The Commonwealth champion was left heartbroken after once more suffering misfortune at the Olympic level, having failed to finish at Rio 2016 following repeated mechanical issues.
Eight years later — after missing selection for Tokyo — Gaze was on this occasion able to recover from losing a lottery in the opening metres of the race. But on a difficult course in searing heat, he didn’t have the legs to complete a comeback.
Gaze trailed by 19 seconds after the first of eight laps, stuck in 16th as defending champion Tom Pidcock started to stretch the field. The Kiwi gradually worked his way inside the top 10, and after Pidcock sustained a puncture on the fourth lap, a minor medal seemed within reach.
But as the Brit unleashed a lightning-quick revival and rode back to the front of the field, Gaze found himself unable to follow.
Pidcock would eventually take gold amid a chorus of boos from home fans — upset with the favourite’s final-lap attack that cut off French silver medallist Victor Koretzky — while Gaze was forced to settle for sixth, 1m 30s off bronze.
“I’m quite heartbroken but I did absolutely everything I could,” said Gaze. “At one point I believed a medal was still in reach after my horrible start — it was a terrible, not good enough start.
“But then when I tried to follow [Pidcock] back to [bronze medallist] Alan Hatherly, that was it. I knew I didn’t have it then. That was the moment it was lost.
“What brought me to my knees was not being able to ride the tempo I needed to come back to Alan, and then what killed me was when Pidcock got away.”
With Pidcock and Koretzky setting a rapid pace from the opening lap, Gaze expended too much energy making up ground on a flat and fast course. More hills would have better suited the 28-year-old — as would a different layout in the initial stages of the circuit.
“I just got squeezed,” he said. “It was quite a tricky start with inverted banking — it was just asking for mishaps. You can get really lucky but it was a bit of a raffle and I drew the short straw.

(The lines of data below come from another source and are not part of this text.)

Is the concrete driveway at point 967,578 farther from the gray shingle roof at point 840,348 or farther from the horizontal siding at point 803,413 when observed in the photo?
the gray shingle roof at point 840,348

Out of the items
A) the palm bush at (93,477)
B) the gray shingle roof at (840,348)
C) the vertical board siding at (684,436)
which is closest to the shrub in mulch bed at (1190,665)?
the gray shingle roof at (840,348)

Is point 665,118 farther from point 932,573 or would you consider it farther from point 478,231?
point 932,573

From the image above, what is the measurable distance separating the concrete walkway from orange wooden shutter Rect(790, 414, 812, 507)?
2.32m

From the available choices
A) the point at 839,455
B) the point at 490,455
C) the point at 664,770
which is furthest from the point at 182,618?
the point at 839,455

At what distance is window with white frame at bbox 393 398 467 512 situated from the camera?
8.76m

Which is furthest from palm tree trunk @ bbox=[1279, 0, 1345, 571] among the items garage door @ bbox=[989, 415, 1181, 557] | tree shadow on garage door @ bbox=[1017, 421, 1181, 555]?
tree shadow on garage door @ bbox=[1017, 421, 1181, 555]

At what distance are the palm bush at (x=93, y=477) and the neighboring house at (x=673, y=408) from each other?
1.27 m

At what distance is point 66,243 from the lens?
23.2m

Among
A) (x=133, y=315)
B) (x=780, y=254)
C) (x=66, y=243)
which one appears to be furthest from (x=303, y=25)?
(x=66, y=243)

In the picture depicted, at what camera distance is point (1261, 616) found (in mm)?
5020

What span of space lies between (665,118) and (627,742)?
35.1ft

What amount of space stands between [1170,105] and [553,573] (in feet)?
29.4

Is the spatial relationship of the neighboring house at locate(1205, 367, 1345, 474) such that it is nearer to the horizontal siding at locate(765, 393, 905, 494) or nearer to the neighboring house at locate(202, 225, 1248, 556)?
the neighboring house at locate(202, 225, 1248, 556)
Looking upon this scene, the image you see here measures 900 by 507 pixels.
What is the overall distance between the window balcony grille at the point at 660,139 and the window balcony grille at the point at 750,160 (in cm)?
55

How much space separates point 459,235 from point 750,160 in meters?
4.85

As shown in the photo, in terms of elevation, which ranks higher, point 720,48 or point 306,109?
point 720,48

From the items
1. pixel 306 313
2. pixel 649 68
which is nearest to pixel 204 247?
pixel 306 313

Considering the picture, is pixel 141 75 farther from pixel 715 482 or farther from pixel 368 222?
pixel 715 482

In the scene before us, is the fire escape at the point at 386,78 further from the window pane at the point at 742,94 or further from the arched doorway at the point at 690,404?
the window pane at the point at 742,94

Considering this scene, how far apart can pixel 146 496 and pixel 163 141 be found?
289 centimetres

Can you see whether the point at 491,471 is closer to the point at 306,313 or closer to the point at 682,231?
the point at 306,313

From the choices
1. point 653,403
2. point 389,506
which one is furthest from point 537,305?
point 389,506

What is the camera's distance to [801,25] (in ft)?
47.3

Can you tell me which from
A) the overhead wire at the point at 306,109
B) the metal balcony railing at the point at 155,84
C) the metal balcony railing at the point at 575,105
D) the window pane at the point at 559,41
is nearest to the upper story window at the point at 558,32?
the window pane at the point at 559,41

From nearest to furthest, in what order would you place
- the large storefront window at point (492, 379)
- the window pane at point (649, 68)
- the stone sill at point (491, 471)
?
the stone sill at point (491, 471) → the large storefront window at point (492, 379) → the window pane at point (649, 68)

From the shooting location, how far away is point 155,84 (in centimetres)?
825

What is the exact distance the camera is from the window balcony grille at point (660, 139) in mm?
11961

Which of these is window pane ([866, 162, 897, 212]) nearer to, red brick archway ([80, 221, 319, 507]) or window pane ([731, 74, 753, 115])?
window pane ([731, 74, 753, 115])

“But I’ve been in that situation a couple of times now where I’ve had an unfortunate start and had to come back, and I believed. I tried to come back as quick as I could, but the start was just ridiculously fast.

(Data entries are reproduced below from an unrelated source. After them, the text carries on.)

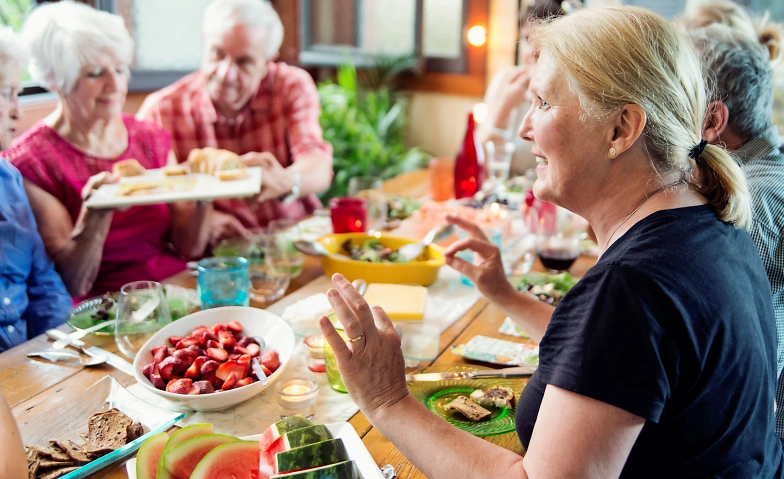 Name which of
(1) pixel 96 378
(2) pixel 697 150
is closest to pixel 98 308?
(1) pixel 96 378

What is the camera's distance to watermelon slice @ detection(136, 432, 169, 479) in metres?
0.94

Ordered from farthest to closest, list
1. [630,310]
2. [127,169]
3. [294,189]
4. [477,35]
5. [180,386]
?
1. [477,35]
2. [294,189]
3. [127,169]
4. [180,386]
5. [630,310]

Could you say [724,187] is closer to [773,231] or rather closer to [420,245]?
[773,231]

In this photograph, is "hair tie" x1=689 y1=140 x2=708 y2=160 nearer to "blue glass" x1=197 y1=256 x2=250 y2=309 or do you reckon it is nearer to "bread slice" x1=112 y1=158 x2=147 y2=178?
"blue glass" x1=197 y1=256 x2=250 y2=309

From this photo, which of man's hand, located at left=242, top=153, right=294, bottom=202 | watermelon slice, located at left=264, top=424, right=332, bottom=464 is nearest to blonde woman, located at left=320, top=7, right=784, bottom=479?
watermelon slice, located at left=264, top=424, right=332, bottom=464

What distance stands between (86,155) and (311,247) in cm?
91

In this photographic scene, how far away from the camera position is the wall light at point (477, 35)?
15.5 feet

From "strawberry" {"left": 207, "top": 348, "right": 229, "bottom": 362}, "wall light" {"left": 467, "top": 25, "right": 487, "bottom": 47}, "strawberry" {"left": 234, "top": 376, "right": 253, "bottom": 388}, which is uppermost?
"wall light" {"left": 467, "top": 25, "right": 487, "bottom": 47}

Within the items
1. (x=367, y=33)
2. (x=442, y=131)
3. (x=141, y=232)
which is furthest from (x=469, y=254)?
(x=367, y=33)

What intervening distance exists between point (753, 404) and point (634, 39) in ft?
1.92

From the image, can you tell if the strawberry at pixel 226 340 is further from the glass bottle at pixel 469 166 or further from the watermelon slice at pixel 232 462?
the glass bottle at pixel 469 166

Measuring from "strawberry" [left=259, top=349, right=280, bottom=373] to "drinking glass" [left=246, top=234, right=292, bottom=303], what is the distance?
45 centimetres

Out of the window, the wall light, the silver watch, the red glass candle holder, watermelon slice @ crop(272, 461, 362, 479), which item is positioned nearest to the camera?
watermelon slice @ crop(272, 461, 362, 479)

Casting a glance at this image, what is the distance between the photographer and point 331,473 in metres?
0.83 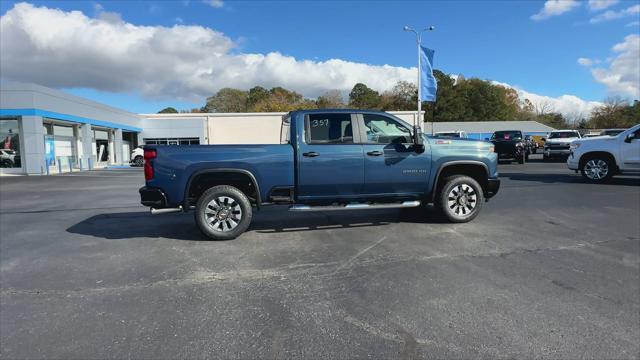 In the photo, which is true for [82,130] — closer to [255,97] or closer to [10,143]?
[10,143]

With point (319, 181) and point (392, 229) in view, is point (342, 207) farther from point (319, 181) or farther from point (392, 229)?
point (392, 229)

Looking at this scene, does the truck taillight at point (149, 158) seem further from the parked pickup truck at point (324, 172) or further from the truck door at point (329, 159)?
the truck door at point (329, 159)

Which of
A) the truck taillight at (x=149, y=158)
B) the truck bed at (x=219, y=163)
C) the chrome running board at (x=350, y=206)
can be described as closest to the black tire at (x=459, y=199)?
the chrome running board at (x=350, y=206)

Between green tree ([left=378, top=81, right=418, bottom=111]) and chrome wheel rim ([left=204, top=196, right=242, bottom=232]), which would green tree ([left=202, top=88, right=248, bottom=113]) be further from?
chrome wheel rim ([left=204, top=196, right=242, bottom=232])

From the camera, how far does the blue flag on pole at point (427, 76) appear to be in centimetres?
2559

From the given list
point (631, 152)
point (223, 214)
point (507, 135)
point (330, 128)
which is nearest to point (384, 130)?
point (330, 128)

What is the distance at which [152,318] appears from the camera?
3.64m

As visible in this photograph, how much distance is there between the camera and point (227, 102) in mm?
81125

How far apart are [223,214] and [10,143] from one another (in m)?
23.0

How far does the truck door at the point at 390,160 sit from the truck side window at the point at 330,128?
247 mm

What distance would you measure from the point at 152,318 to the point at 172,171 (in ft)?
9.41

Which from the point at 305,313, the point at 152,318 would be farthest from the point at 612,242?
the point at 152,318

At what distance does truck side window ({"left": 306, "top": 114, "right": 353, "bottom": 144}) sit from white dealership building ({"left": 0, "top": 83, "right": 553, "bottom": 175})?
21.9m

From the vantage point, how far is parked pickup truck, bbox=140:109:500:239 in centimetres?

“It was super aggressive and punchy, and to be doing that for two or three laps is one thing; to be doing it after an hour and 15 is another thing altogether. A very hard course and I wish I had better legs.”
Gaze could pinpoint nothing in his preparation to explain why he felt short of his physical peak, left to rue his poor luck at this level.
After leading from start to finish two years ago in Birmingham for his second Commonwealth Games gold — a race won in the absence of the versatile Pidcock, busy with professional road commitments — Gaze had hoped this would be his Olympic breakthrough.
“Today was just wanting to complete the circle of it — I had big ambitions,” Gaze said. “One day I’ll have to be happy about it. Obviously it’s not what I came here for.”